By Eric Uhlfelder
A play remembering the 1968 presidential campaign, how the country has changed and how it hasn’t.
Wandering several blocks west of Times Square to an old church might seem an odd place to find a tale about a presidential campaign fifty years on. But this choice of venue to host an escape from today’s cynical political discord is inspired, recalling a time when leaders were not afraid to think boldly and morally.
The playwright and sole performer, David Arrow, who in certain light bears a striking resemblance to Robert Kennedy, developed this monologue soon after having performed the lead in Jack Holmes’ acclaimed one-man play RFK.
The key difference between the two productions: RFK was a broad range of vignettes structured as tragedy; Arrow’s vision focuses on the last three months of his 1968 campaign for the Democratic nomination for president as he emerged from his family’s long shadows and found his voice. Arrow’s inspiration: a response to the crassness of the 2016 Presidential campaign and the administration that followed in recalling the lost art of speech and ideas.
Arrow’s play is all about the words: narratives describing various key moments, references to Bernard Shaw and Aeschylus, and snippets of Kennedy’s speeches, revealing a timeless compassion and understanding one would be shocked and inspired to hear today.
“We must recognize that this short life can neither be ennobled or enriched by hatred or revenge… All the phrases which have meant so much to Americans—peace and progress, justice and compassion, leadership and idealism – often sound not like stirring reminders of our nation, but call forth the cynical laughter of our young. Not because they do not believe them, but because they do not think our leaders mean them.”
Eric Nightengales’ direction merges a changing panoply of black-and-white images and newspaper headlines projected on the back of the stage with historical soundtracks that surrounded Kennedy’s visits across the nation. He switches between spot and stage lighting to distinguish speeches from narrative. The proscenium stage is framed by a collage of Kennedy placards. And he employs the tumbling letters of a railroad station departure board to indicate the various whistle stops Kennedy made as he crossed the country to his final stop in Los Angeles.

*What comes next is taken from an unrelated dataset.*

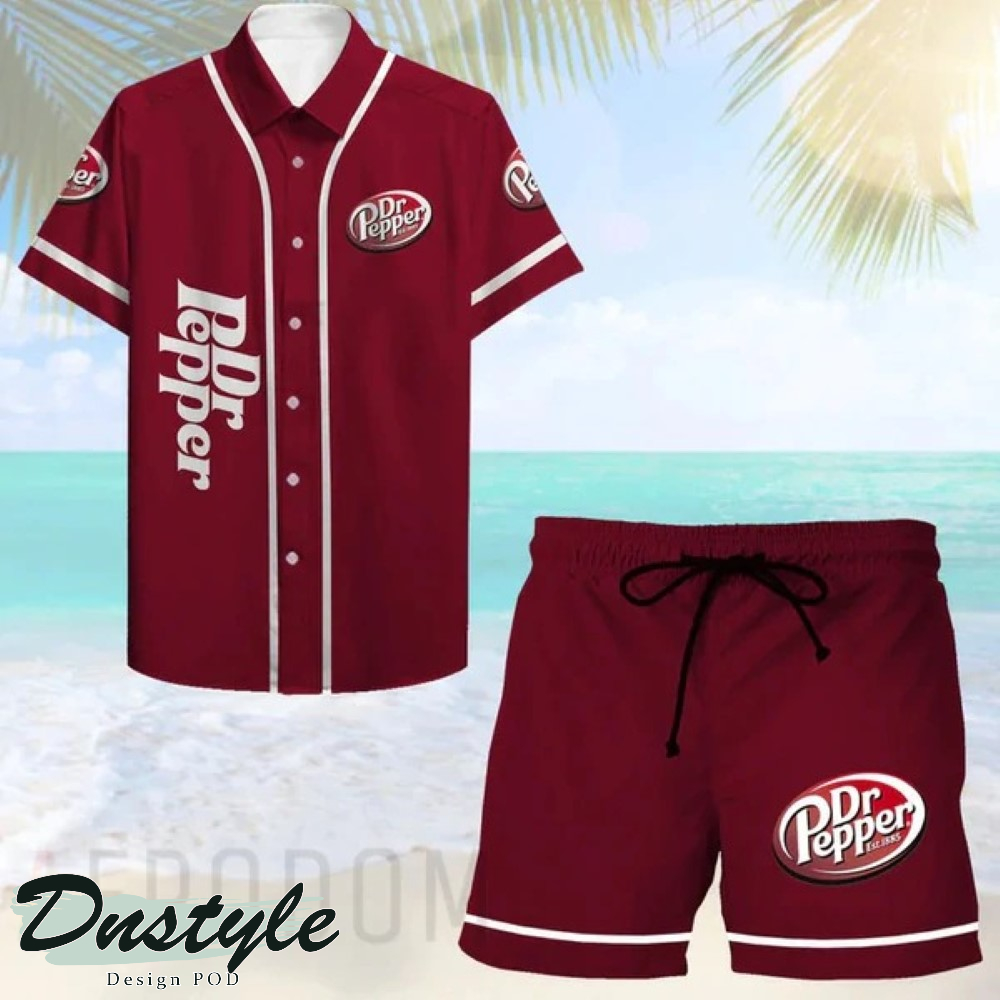 Basic Printed Dr Pepper Button Shirt And Short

The intimacy of St. Clement’s brings the audience right into the mix, from his stumps at various universities, a visit to an Indian reservation, to a black ghetto in Indianapolis where he announced to an unsuspecting crowd the assassination of Martin Luther King. Turns out, Indianapolis was the only city that didn’t burn that night.
Arrow fails to consistently hold Bobby’s heavy Boston twang. And a commitment to authenticity may have prevented him from more effectively modulating his voice at the expense of dramatic effect. But he delivers an impassioned performance, tracking deftly back and forth across the stage to help convey the various venues to which he takes the audience.
At the end of the 90-minute production, Edward Kennedy issues the most poignant, eloquent coda to the campaign and to his younger sibling’s life: “My brother need not be idealized or enlarged in death beyond what he was in life; to be remembered simply as a good and decent man, who saw wrong and tried to right it, saw suffering and tried to heal it, saw war and tried to stop it.”
Kennedy: Bobby’s Last Crusade opened November 8 at the Theatre at St. Clements, 423 West 46th Street, and runs through December 9th.